◆ Required action:
Include in the output exactly the lines from the opening of the data through the line containing "TAF Visualization for PATK", and nothing more.

◆ Source data:
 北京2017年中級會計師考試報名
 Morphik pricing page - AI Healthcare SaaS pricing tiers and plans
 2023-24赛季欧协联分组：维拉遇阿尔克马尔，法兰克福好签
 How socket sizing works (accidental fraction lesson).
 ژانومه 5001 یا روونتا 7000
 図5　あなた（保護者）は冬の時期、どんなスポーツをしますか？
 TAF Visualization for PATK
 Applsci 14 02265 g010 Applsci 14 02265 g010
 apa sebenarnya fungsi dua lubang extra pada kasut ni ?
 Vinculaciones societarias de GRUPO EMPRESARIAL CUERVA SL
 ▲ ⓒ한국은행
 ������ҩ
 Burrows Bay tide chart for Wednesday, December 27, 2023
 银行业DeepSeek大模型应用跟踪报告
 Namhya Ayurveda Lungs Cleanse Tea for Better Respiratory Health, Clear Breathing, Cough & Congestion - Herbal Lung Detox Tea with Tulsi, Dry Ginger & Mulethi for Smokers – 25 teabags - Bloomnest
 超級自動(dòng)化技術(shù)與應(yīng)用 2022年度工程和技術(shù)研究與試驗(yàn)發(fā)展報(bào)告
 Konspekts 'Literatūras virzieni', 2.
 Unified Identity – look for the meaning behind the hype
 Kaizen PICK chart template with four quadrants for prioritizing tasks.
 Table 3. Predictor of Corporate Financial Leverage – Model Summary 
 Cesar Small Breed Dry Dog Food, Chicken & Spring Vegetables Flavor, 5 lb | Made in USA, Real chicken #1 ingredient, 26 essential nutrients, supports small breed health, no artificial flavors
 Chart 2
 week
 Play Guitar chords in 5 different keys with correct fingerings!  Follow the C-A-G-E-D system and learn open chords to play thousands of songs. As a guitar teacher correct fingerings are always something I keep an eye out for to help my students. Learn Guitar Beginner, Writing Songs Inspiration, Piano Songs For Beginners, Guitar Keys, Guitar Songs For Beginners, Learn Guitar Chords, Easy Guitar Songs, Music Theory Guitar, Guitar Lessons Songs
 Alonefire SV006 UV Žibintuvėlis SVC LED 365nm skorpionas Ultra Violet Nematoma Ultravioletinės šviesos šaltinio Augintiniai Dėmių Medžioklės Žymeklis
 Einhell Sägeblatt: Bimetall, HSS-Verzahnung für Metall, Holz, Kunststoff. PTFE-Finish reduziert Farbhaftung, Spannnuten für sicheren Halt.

◆ Result for this exercise:
 北京2017年中級會計師考試報名
 Morphik pricing page - AI Healthcare SaaS pricing tiers and plans
 2023-24赛季欧协联分组：维拉遇阿尔克马尔，法兰克福好签
 How socket sizing works (accidental fraction lesson).
 ژانومه 5001 یا روونتا 7000
 図5　あなた（保護者）は冬の時期、どんなスポーツをしますか？
 TAF Visualization for PATK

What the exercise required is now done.